--- Data extract ---
════════
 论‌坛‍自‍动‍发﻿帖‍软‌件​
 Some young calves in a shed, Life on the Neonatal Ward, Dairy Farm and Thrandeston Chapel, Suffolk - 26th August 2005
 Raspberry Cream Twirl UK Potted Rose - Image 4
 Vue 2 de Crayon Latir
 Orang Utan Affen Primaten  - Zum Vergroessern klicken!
════════
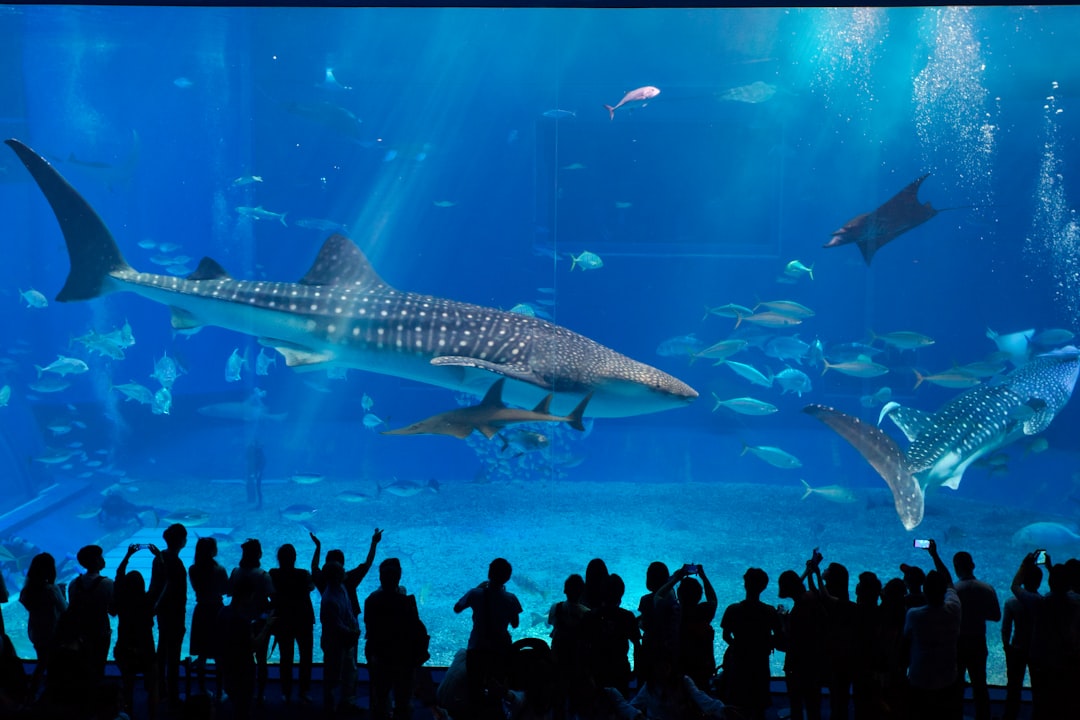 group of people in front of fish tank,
════════
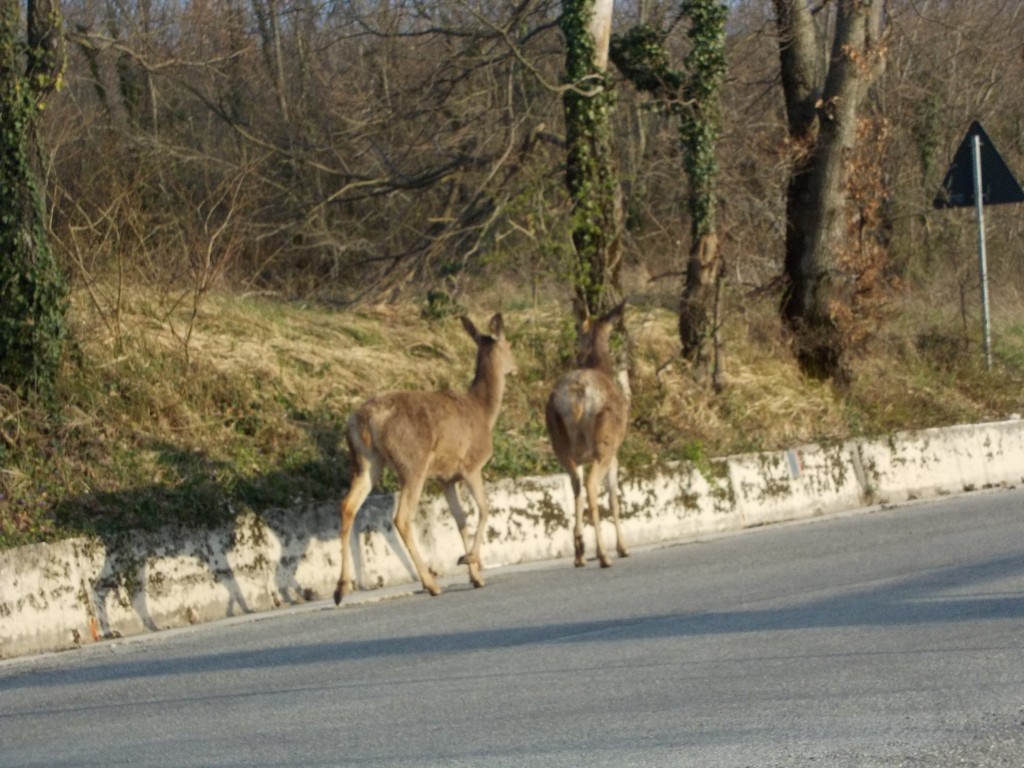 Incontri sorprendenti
════════
--- Task item ---
The answer is the lines above between the line holding "Raspberry Cream Twirl" and the line holding "Orang Utan Affen", inclusive, each written out exactly, and no others.

--- Answer box ---
 Raspberry Cream Twirl UK Potted Rose - Image 4
 Vue 2 de Crayon Latir
 Orang Utan Affen Primaten  - Zum Vergroessern klicken!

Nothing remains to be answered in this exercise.